(Excerpted records begins)

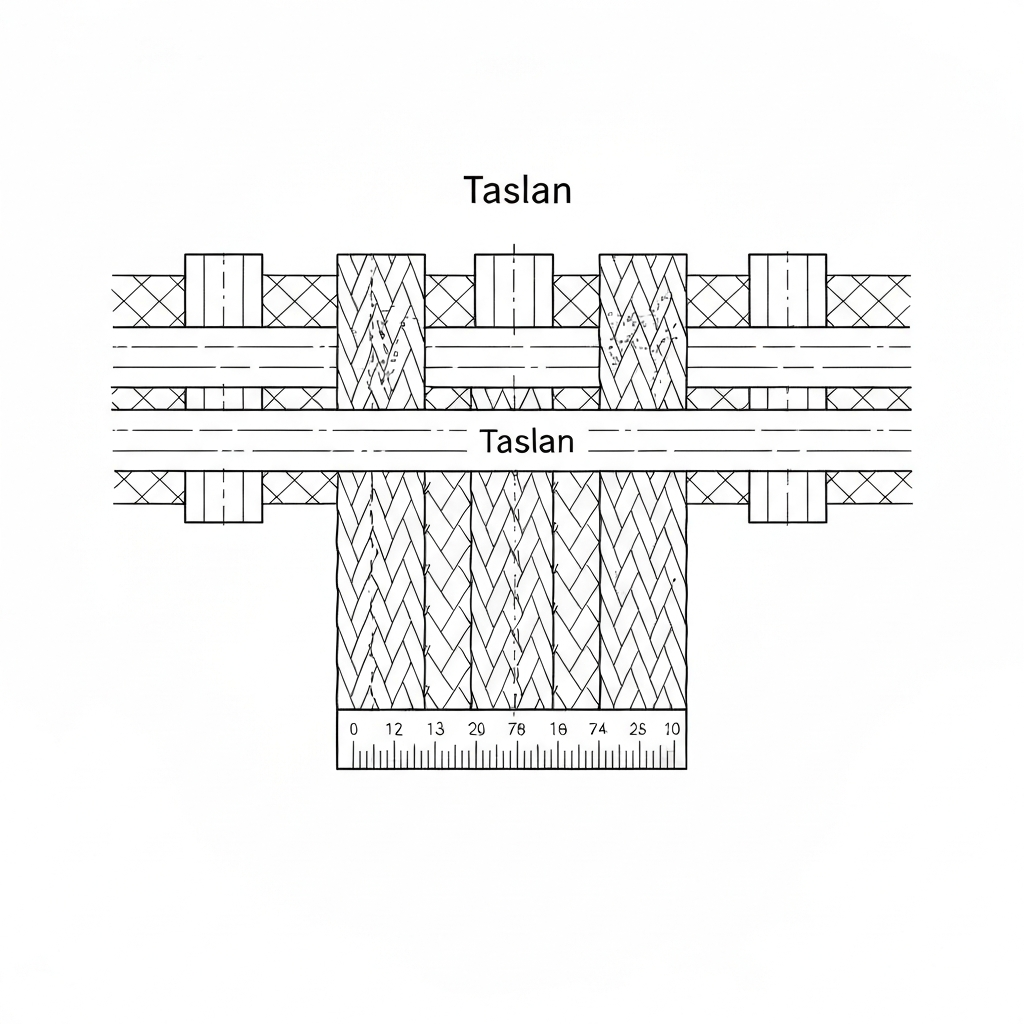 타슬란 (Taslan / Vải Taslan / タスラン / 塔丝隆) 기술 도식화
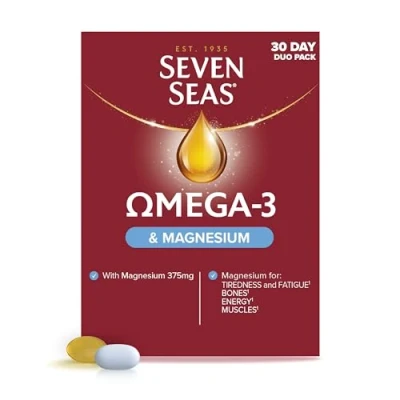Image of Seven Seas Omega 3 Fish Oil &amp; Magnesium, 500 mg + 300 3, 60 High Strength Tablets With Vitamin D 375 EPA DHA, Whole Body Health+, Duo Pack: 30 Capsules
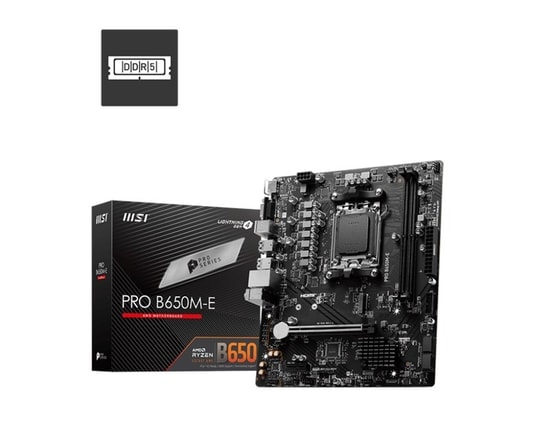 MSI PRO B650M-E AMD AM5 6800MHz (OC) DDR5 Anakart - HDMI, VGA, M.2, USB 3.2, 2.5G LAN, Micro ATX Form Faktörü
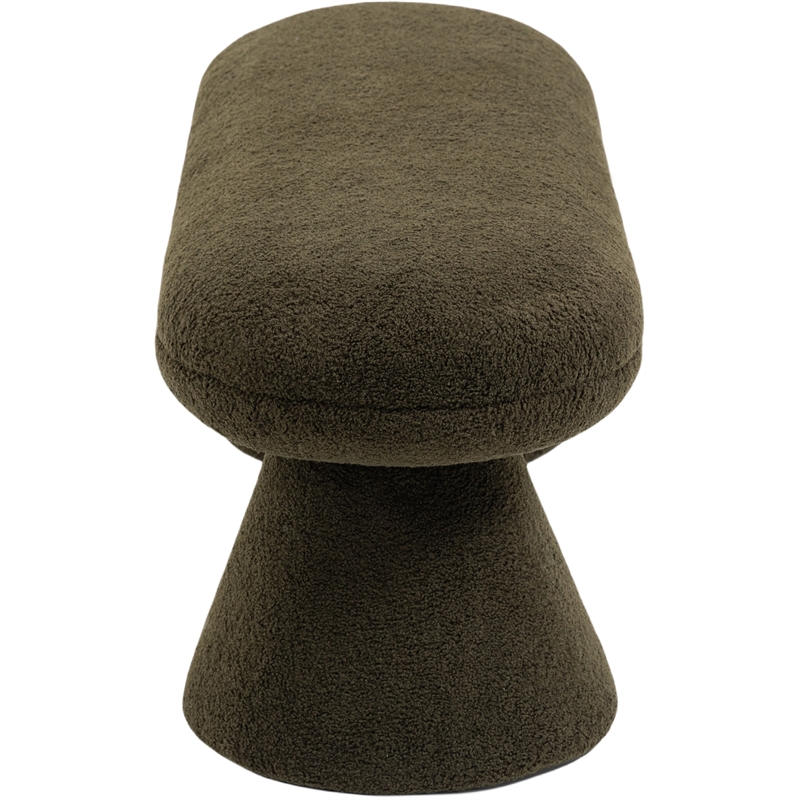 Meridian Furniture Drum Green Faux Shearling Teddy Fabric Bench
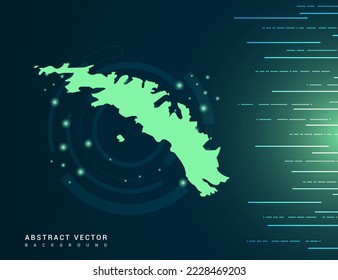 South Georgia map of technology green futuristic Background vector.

(Excerpted records ends)

Would you repeat the material exactly, keeping out any pictures?

 타슬란 (Taslan / Vải Taslan / タスラン / 塔丝隆) 기술 도식화
Image of Seven Seas Omega 3 Fish Oil &amp; Magnesium, 500 mg + 300 3, 60 High Strength Tablets With Vitamin D 375 EPA DHA, Whole Body Health+, Duo Pack: 30 Capsules
 MSI PRO B650M-E AMD AM5 6800MHz (OC) DDR5 Anakart - HDMI, VGA, M.2, USB 3.2, 2.5G LAN, Micro ATX Form Faktörü
 Meridian Furniture Drum Green Faux Shearling Teddy Fabric Bench
 South Georgia map of technology green futuristic Background vector.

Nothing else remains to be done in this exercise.